In their first experiment, scientists "trained" software to recognize six words and 10 digits that the researchers repeated subvocally. Initial word recognition results had an average of 92% accuracy. The first subvocal words the system learned were stop, go, left, right, alpha, omega, and the numbers zero through nine. Silently speaking these words, scientists conducted simple searches on the Internet by using a number chart representing the alphabet to control a Web browser program. This proved that users could browse the Web without touching a keyboard.
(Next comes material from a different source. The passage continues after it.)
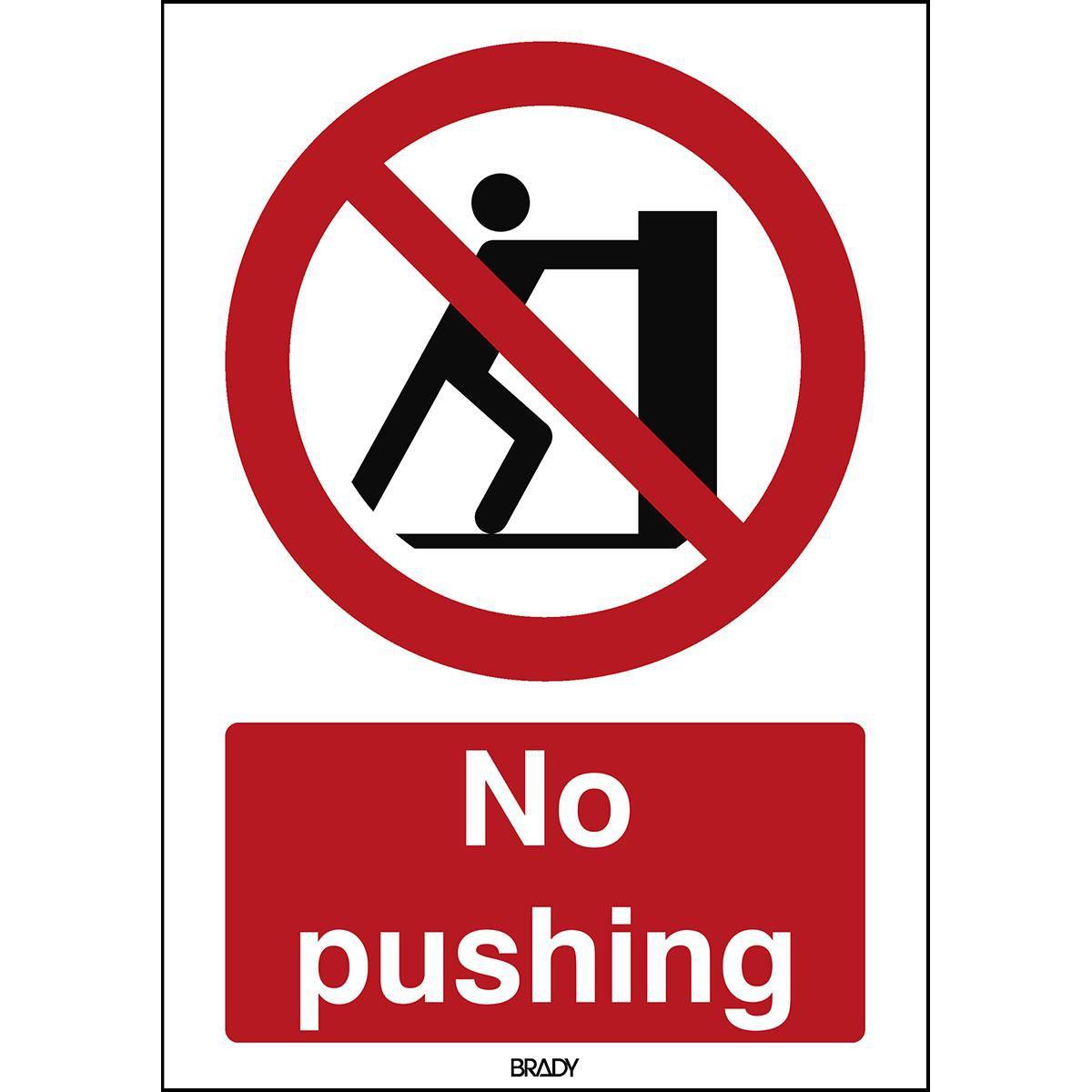 Brady, Sicherheitskennzeichnung, ISO Safety Sign - No pushing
Scientists are now testing new, noncontact sensors that can read muscle signals even through a layer of clothing. A second demonstration will attempt to control a mechanical device using a simple set of subvocal commands, according to Jorgensen. His team is planning tests with a simulated Mars rover. Silent "spoken" words will control rover movement. This would enable people in noisy environments to use the system when privacy is needed, such as during telephone conversations on buses or trains.
An expanded muscle-control system could help injured astronauts control machines. After suffering from muscle weakness due to a long stint in microgravity, astronauts could send signals to software that would assist with landings or other maneuvers. A logical spinoff would be an aid to handicapped individuals who could use this system to help with many tasks.
Scientists at Ames are studying the complex nerve-signal patterns to learn more about the signals that control vocal cords, muscles, and tongue position. The researchers use an amplifier to strengthen the electrical nerve signals. The signals are processed to remove noise and then processed again to differentiate one word from another.
After the signals are amplified, software "reads" the signals to recognize each word and sound. The researchers will continue to expand the vocabulary with sets of English sounds to eventually enable a full speech-recognition program to interpret the words.
The Computing, Information, and Communications Technology Program, part of NASA's Office of Exploration Systems, funds the subvocal word-recognition research. There is a patent pending for the new technology.